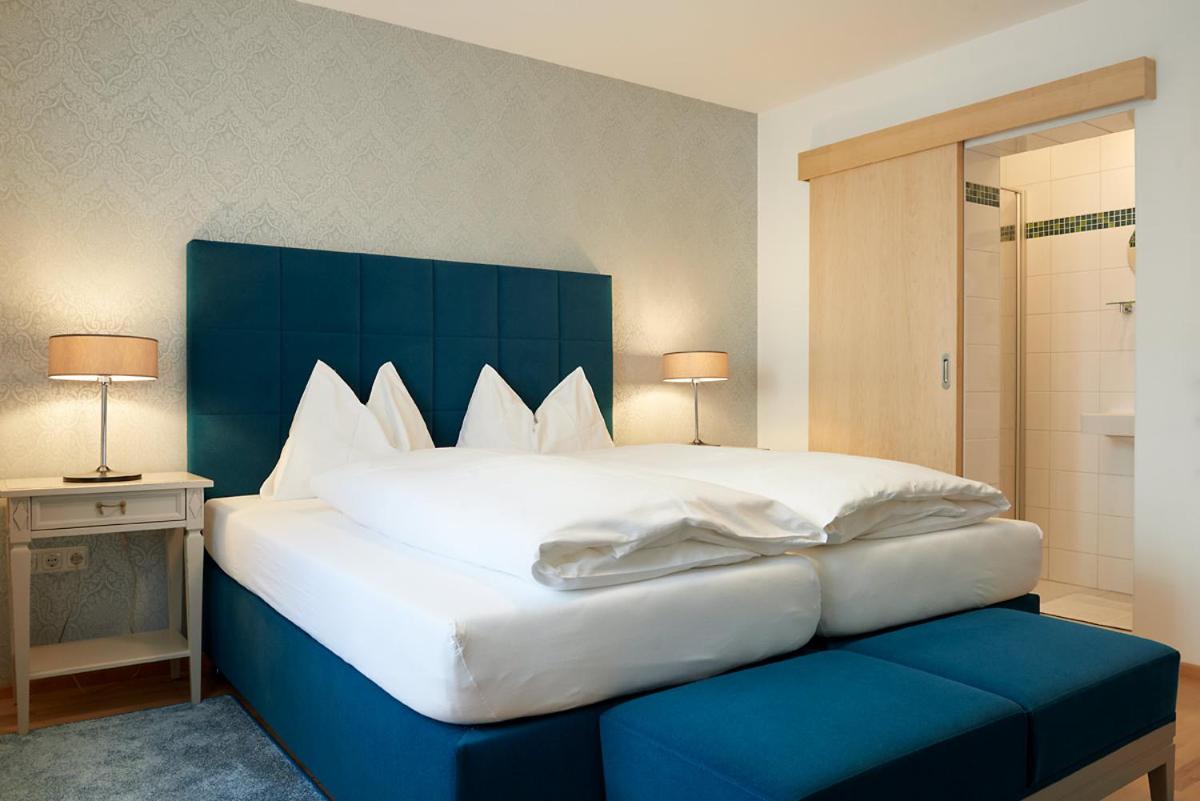 Double Room with Shower photo 3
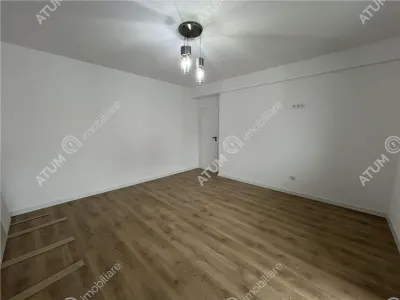 De vanzare apartament cu 2 camere decomandate cu 2 balcoane si loc de parcare in zona Calea Surii Mici - foto 7
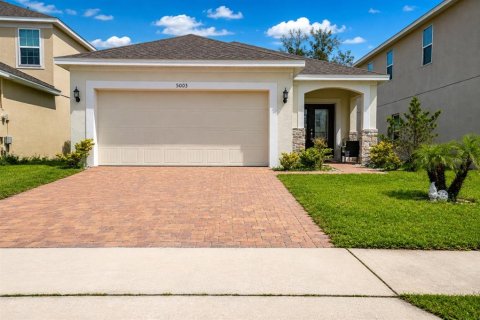 House in CYPRESS HAMMOCK in Kissimmee, Florida 3 bedrooms, 132.29 sq.m. № 2295227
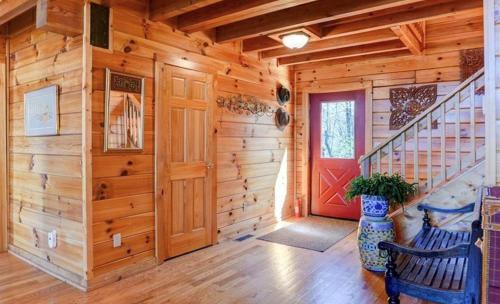 Black Mountain Hilltop Retreat - image 2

### Exercise
Copy out the data verbatim, excluding the pictures.

### Response to this task
 Double Room with Shower photo 3
 De vanzare apartament cu 2 camere decomandate cu 2 balcoane si loc de parcare in zona Calea Surii Mici - foto 7
 House in CYPRESS HAMMOCK in Kissimmee, Florida 3 bedrooms, 132.29 sq.m. № 2295227
 Black Mountain Hilltop Retreat - image 2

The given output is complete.